Close the simulator curtain to block all external light sources. Open the software controlling the solar simulator, and press the button Light pulse to trigger the xenon flash lamp. Next, determine the current generated by the solar cell as the measured value when top and middle isotypes indicate exactly the same irradiance level.

Write a text file with several lens-to-cell distances around the optimum value, and repeat the measurement for every position. Repeat all measurements, substituting the achromatic doublet on glass Fresnel lens with the silicone on glass Fresnel lens that will be used as a reference. On the same three-axes automated positioning platform that was previously used, mount the CCD camera.

Select the optimum focal distance. Adjust the holder to place the spot of light so that it is approximately centered on the CCD sensor. Then, add a short-pass filter to block light whose wavelength is longer than 650 nanometers.

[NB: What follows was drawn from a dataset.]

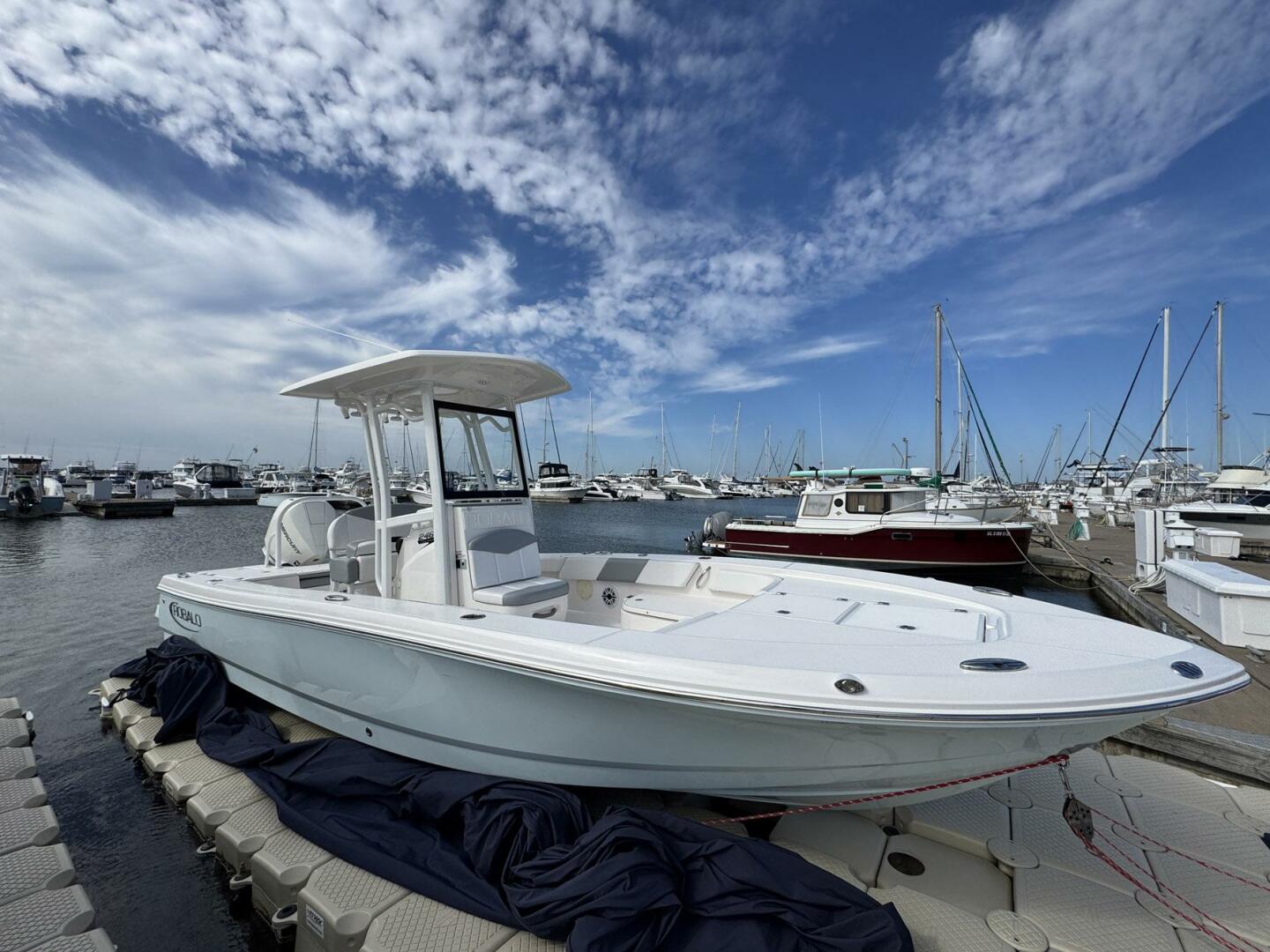 Robalo-246 Cayman 2021 -Mt. Pleasant-South Carolina-United States-5639209 | Thumbnail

In this manner, only the light that is converted into electricity by the top subcell within a multi-junction solar cell will be recorded. Trigger the xenon flash lamp, and synchronize the CCD camera to take a photograph of the light spot projected by the lens. Process the photograph to select an area that includes the spot, and calculate the centroid of the irradiance spot.

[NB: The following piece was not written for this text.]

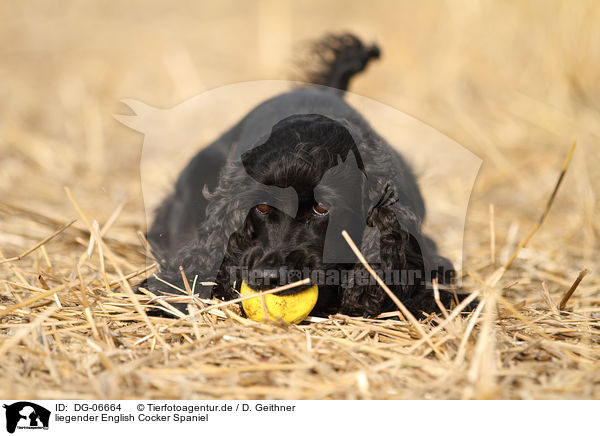 liegender English Cocker Spaniel / lying English Cocker Spaniel / DG-06664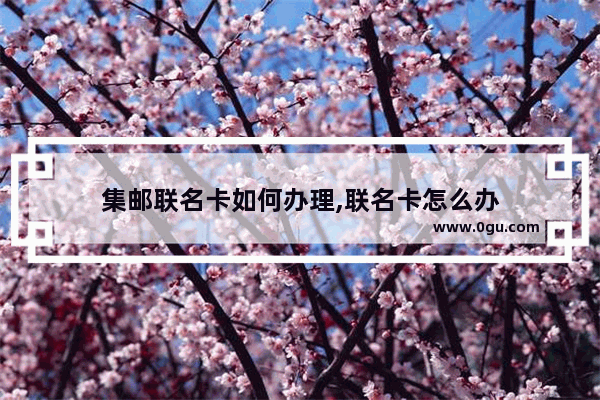 集邮联名卡如何办理,联名卡怎么办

Calculate the diameter of the light spot projected by the lens. It is defined as the diameter of the circle containing 95%of the light that reaches the CCD camera sensor. Next, take one photograph for every position around the optimum focal distance that was previously defined.

Repeat the measurements with the short-pass filter to block light whose wavelength is shorter than 650 nanometers. In this case, only the light that is converted into electricity by the middle subcell within a multi-junction solar cell will be recorded. The previous measurements can be repeated by placing the lens under test inside a thermal chamber able to control its temperature.

The chamber wall needs to be transparent for all wavelengths of interest. The normalized values of the photocurrent generated by the solar cell, when illuminated by the achromatic doublet on glass or the silicone on glass Fresnel lens, are plotted as a function of the relative lens-to-cell distance. The achromatic doublet on glass lens show higher tolerance to displacement of the lens from its optimum position along the optical axis, thanks to its design.

The evolution of the spot diameter corresponding to the top and middle subcells within a multi-junction solar cell is plotted as a function of the lens-to-receiver distance for both lenses. The displaced curves in the silicone on glass sample is due to chromatic aberration. Since the refractive index for short wavelengths is higher, the focal point for blue light is closer to the lens.

Conversely, for the achromatic lens, the position of the minimum spot for blue light corresponds exactly with the minimum spot for red light, proving the lens achromatic behavior. The light spot enlargement, due to temperature variation for the silicone on glass lens, is larger than for the achromatic lens. In outdoor operating conditions with strong thermal excursion, using the achromatic lens would make the system performance more stable.

Once mastered, this technique allows the complete indoor characterization of optics for concentrated photovoltaic application, such as primary lenses or primary mirrors. The achromatic doublet on glass Fresnel lens developed at the Solar Energy Institute have been completely characterized using the proposed protocol. Both the optical efficiency and the spot size have been measured.

Using this method, we have been able to experimentally demonstrate the achromatic behavior of the ADG lens, its higher tolerance to a displacement with respect to the optimal focal distance, and the lower sensitivity to a temperature variation.